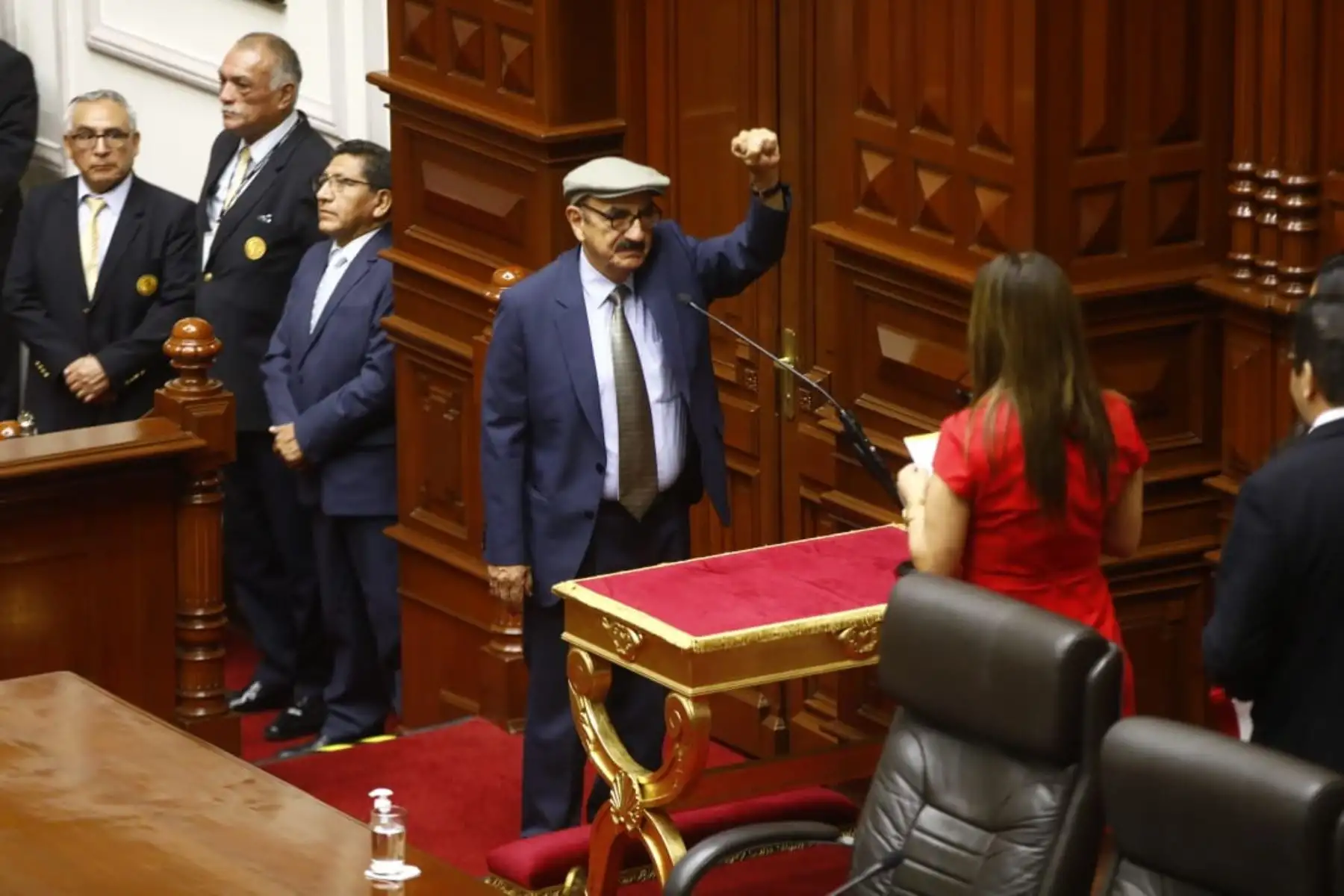 Primer secretario de la Mesa Directiva de la Junta Preparatoria, Carlos Enrique Fernández Chacón rinde su juramento de ley.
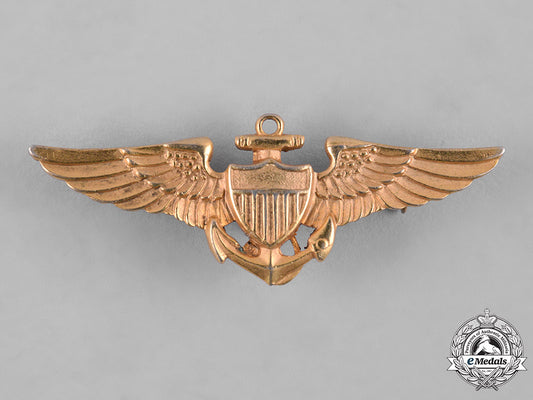 united_states._a_naval_aviator_collar_badge,_c.1944_c19-2909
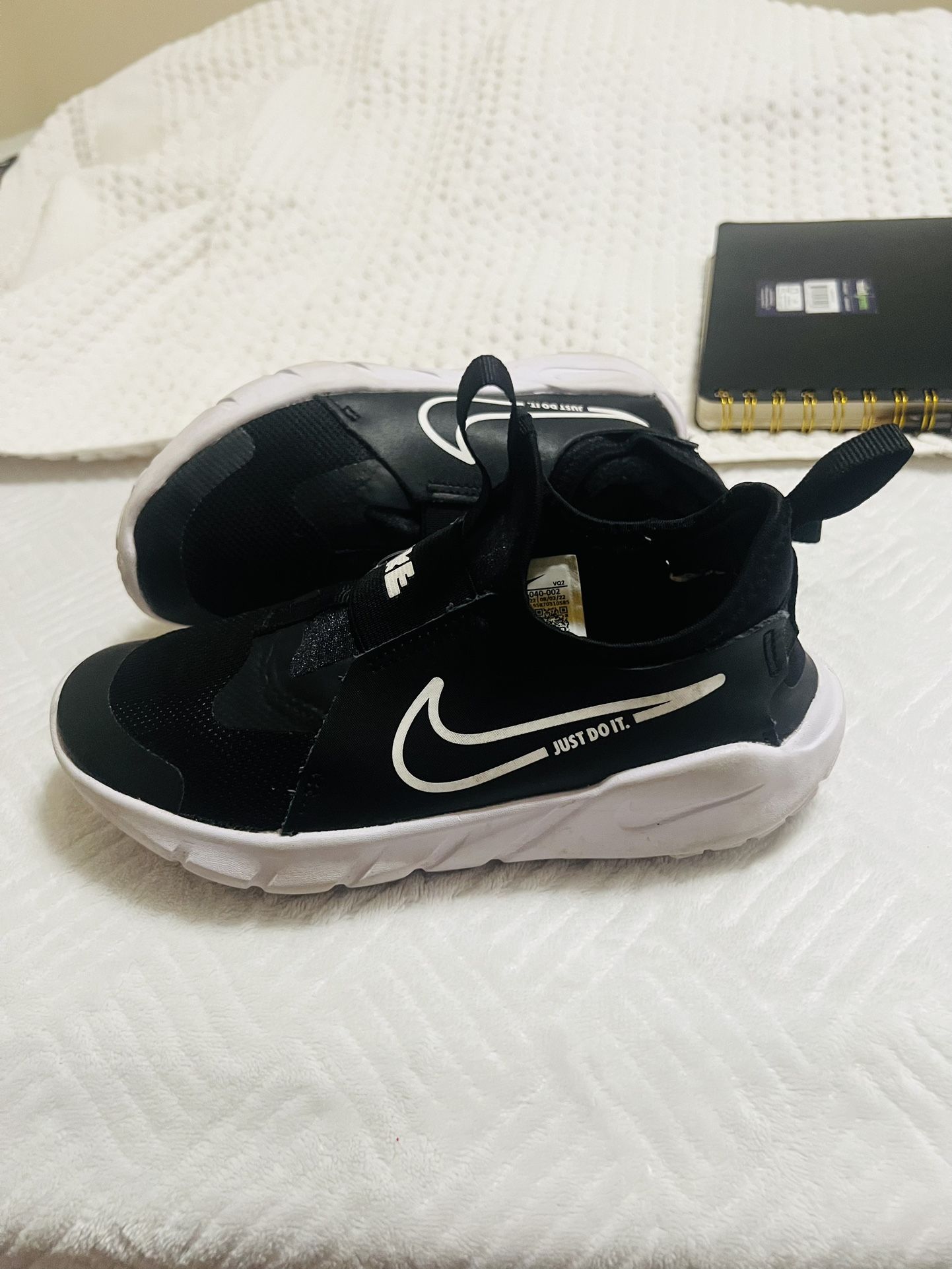 Nike 2Y & OOFOS 13 - 2?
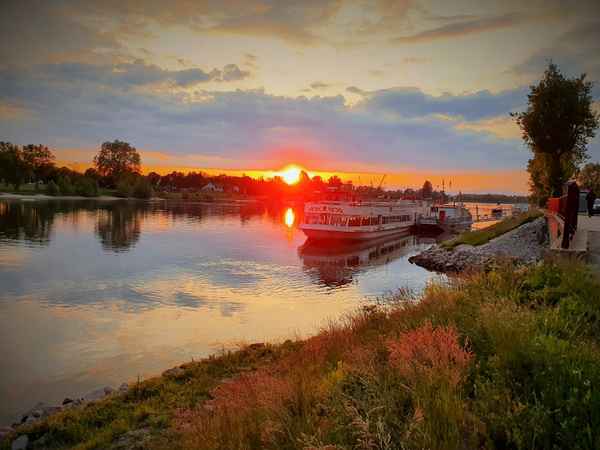 Sonnenuntergang am Oberrhein
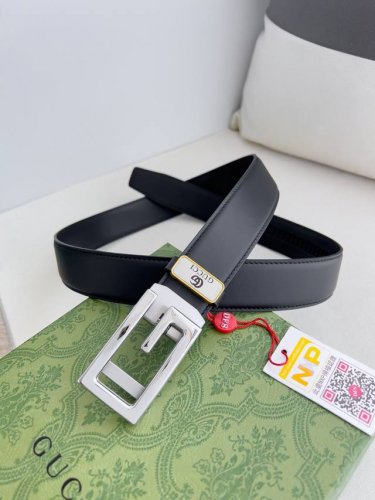 品名：古奇.Gu...Cci 腰带自动带 皮带 型号：自动扣，纯钢材质自动扣，自动带身，尾部外穿款 材料：百分百头层牛皮，保证真皮。24K纯钢扣专柜同等质量，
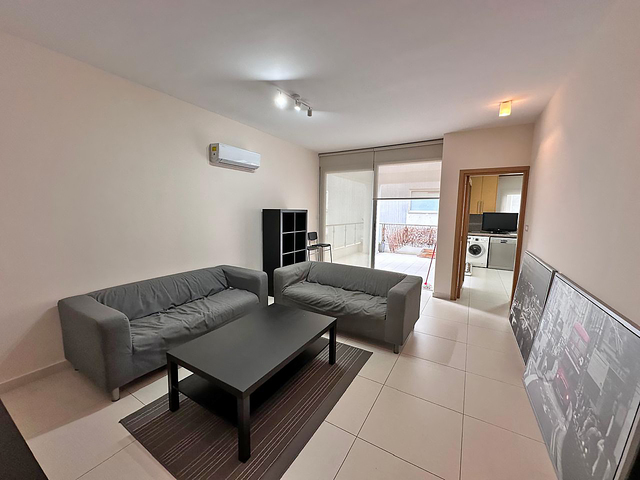 apartment-evg2016-copy.jpg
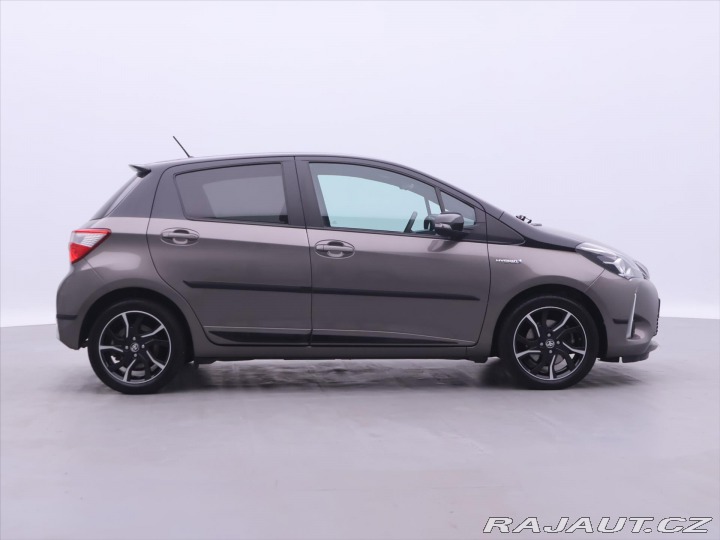 Toyota Yaris 1,5 Hybrid Automat CZ 1.M 2017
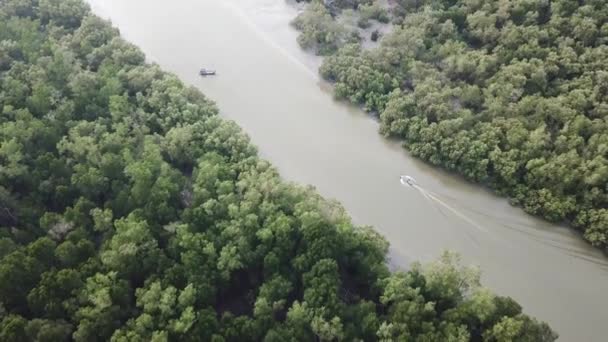 Vista aerea barca da pesca mossa al fiume a Batu Kawan, Penang, Malesia . — Video Stock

> Task brief: Would you restate all of the data above word for word, omitting the pictures?

> Problem solution:
 Primer secretario de la Mesa Directiva de la Junta Preparatoria, Carlos Enrique Fernández Chacón rinde su juramento de ley.
 united_states._a_naval_aviator_collar_badge,_c.1944_c19-2909
 Nike 2Y & OOFOS 13 - 2?
 Sonnenuntergang am Oberrhein
 品名：古奇.Gu...Cci 腰带自动带 皮带 型号：自动扣，纯钢材质自动扣，自动带身，尾部外穿款 材料：百分百头层牛皮，保证真皮。24K纯钢扣专柜同等质量，
 apartment-evg2016-copy.jpg
 Toyota Yaris 1,5 Hybrid Automat CZ 1.M 2017
 Vista aerea barca da pesca mossa al fiume a Batu Kawan, Penang, Malesia . — Video Stock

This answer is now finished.